「核融合エネルギー」は、 私たち人類にとって究極のエネルギーです。

地上の太陽といわれる「核融合エネルギー」は、21世紀中頃の実用化をめざして、
日本をはじめ世界各国で研究開発が進められている新しいエネルギー源です。
太陽と同じ原理で大きなエネルギーを生み出します。

 

核融合のしくみ

核融合とは、太陽と同じように“水素”などの軽い「原子核」同士が猛スピードで、くっついて(融合して)、別の重い原子核に変わるしくみのことです。そのときに大きなエネルギーが生み出されます。太陽をはじめ
宇宙の星は、この核融合のエネルギーで輝いたり、光ったりしています。
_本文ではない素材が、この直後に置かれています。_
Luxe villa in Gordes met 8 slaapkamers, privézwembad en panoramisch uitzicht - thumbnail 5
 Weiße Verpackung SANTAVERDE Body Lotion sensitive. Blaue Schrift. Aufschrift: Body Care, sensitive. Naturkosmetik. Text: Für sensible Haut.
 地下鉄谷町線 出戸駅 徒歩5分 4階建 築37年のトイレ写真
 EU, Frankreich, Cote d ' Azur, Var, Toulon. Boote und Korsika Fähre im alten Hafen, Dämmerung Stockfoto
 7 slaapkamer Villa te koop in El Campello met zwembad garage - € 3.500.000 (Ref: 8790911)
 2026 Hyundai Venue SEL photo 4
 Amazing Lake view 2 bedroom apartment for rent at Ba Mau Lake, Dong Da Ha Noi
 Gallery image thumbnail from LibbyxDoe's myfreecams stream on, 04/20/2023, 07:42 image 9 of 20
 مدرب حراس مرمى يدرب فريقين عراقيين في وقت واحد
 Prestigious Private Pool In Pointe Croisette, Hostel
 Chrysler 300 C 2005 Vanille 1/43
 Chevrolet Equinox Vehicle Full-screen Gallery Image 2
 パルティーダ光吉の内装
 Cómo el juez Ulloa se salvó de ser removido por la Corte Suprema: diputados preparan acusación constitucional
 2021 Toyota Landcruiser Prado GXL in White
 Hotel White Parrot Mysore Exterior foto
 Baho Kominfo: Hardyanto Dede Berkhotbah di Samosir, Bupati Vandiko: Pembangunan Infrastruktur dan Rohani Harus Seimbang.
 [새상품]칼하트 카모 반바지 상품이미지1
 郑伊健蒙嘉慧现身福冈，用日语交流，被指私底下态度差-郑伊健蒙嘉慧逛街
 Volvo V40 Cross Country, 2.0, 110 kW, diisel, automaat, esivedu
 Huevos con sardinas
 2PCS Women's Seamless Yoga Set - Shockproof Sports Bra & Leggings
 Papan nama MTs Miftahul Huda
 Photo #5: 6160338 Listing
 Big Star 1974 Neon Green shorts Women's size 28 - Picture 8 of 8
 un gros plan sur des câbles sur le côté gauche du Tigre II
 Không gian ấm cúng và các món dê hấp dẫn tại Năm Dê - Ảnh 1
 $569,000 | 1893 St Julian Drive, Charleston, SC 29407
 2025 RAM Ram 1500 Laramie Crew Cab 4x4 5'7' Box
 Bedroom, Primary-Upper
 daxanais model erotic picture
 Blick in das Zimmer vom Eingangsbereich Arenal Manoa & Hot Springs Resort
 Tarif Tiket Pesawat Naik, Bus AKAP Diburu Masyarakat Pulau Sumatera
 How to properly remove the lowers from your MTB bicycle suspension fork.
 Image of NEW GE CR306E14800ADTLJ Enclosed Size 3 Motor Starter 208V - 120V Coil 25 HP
地上でも水素の仲間の「重水素」と「三重水素」を使って核融合をおこすことができます。

 

太陽の核融合

太陽では、高温でバラバラ(※プラズマ)の状態になった水素の原子核同士がくっついて、強い重力で閉じ込められ、たえず核融合をおこしています。

※プラズマとは、「電子」と「原子核」が高温でバラバラに分かれて、不規則に飛び回っている状態のことです。

重水素と三重水素を加熱して、それぞれの原子核が猛スピード(秒速1,000㎞以上)で飛び回るプラズマ状態にすると、プラスの電気をもった原子核同士が反発せずに、くっつきやすく(融合しやすく)なります。

 

地上の核融合

核融合炉をつくって、地上で核融合をおこす場合は、水素の仲間の「重水素」と「三重水素(トリチウム)」の原子核をくっつきやすく(融合しやすく)するために、①重水素と三重水素を1億℃以上で加熱してプラズマ状態にする②その密度を高くする③高性能の磁石などを使って、プラズマを閉じ込めることで核融合をおこします。

 

 プラズマ実験の様子

臨界プラズマ試験装置 JT-60(日本原子力研究開発機構)

 

 

 

核融合エネルギーには、さまざまな利点があります。
将来の発電用・核融合炉で利用する燃料の重水素や三重水素は、海水などに大量に含まれています。
さらに、これらの燃料を使って核融合をおこしても地球温暖化の原因となる二酸化炭素を発生しない
など、将来のエネルギー不足と地球環境問題を同時に解決する大きな可能性をもっています。

 

核融合エネルギーの主な特徴

核融合の燃料となる重水素は、1立方メートル(1kl)の海水中に33グラム。また三重水素(トリチウム)は、電池などに使われているリチウムからつくられますが、そのリチウムも海水や鉱物に大量に含まれて
います。

 

●燃料となる資源が豊富です。

 

●地球にやさしいエネルギーです。

重水素と三重水素が核融合しても地球温暖化の原因となる二酸化炭素を出すことはありません。発生する廃棄物も、すべて放射能レベルの低い放射性廃棄物です。

 

●安全にすばやく止めることができます。

将来の発電に利用する核融合炉では、燃料はガス状にして外部から炉内に供給します。ガスレンジの元栓を閉めるように、燃料の供給を止めて、炉内の核融合をすばやく停止することができます。